Despite having to become accustomed to a new lifestyle in Palo Alto, Susi has enjoyed her school experience at Paly. From the excitement of Spirit Week to the support she has received from teachers and peers, these new opportunities have allowed her to challenge herself at Paly.

“I learned to be doing many things on my own …  to be completely independent,” says Susi. “At my old school, there were no community service or clubs. I learned to deal with many things on my own … [even though] I was a shy person.”

The competitive academic environment at Paly did not dissuade Boissy from facing difficult endeavors. Coming from a school of just 60 students, Boissy says that attending Paly, which has over 2,000 students, has taught her to be more aware of her peers.

“The one I learned most is how to be humble … not in the sense of being humble of what you own, but more of being humble with those surrounding you,” says Boissy.

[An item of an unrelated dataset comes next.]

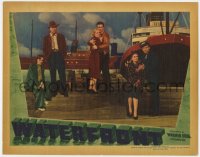 1a961 WATERFRONT LC 1939 Gloria Dickson, Dennis Morgan, Marie Wilson, Bromley & others on dock!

People even discouraged Boissy from moving to Palo Alto, fearing that it would be too competitive and would ruin her chances of attending a good college.

Ultimately, these foreign adventures in Palo Alto have translated into important learning experiences for both Susi and Boissy.

“The lesson I learned that coming here and being able to succeed in advance the way I wanted was that you shouldn’t listen to people and what they say,” says Boissy. “A lot of people can discourage you from achieving your dreams … but if you focus and really believe in yourself, you can really do it.”